The Problem
Years of decision logs, daily journals, and pattern observations. Thousands of entries. The signal is in there, but the volume makes it invisible.
I needed a system that could search semantically, surface patterns I'd never notice, and help me prepare for diagnostic conversations. What I didn't need: a system that draws conclusions or automates judgment.
The Architecture
Everything runs on local infrastructure. No data leaves my network.
What It Does
- Semantic Search Natural language queries across years of logs. Meaning matching, not keyword matching.
- Pattern Surfacing "These three concepts appeared together in four entries this month." Observation without interpretation.

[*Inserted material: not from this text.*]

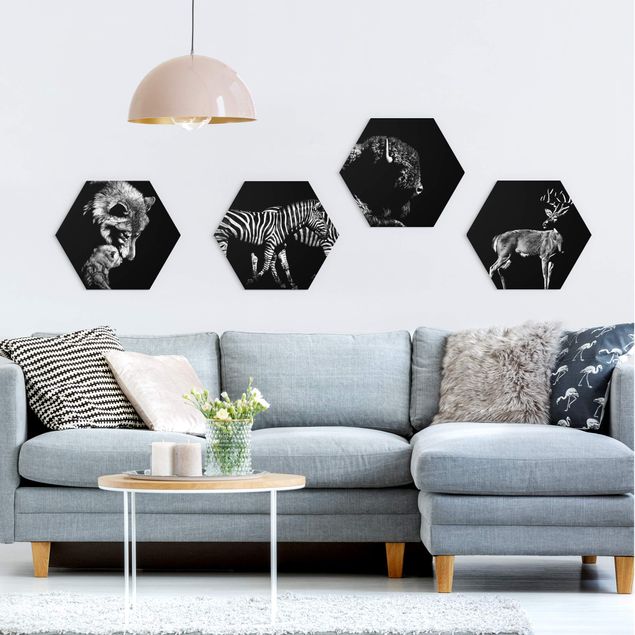 Hexagons Aluminium Dibond schilderijen - 4-delig Wild Animals From Black Set II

- FM/FFN Analysis Tag and retrieve decisions by pattern type. Familiar Mechanics vs. Familiar-Feeling Novelty.
- Preparation Mode Pull relevant context before diagnostic conversations. Past situations, how they resolved, what I wrote at the time.
What It Doesn't Do
It doesn't summarize my thinking for me. It doesn't recommend actions. It doesn't decide what's important.
Every output is a surface. I decide what it means.
Demo
Why This Matters
The default assumption is that AI should optimize, recommend, and automate decisions. I think that's backwards for a lot of contexts.
Some domains require human judgment to remain human. Diagnosis is one of them. The value isn't in the answer. It's in the process of arriving at one.
Building tools that respect that distinction is the work.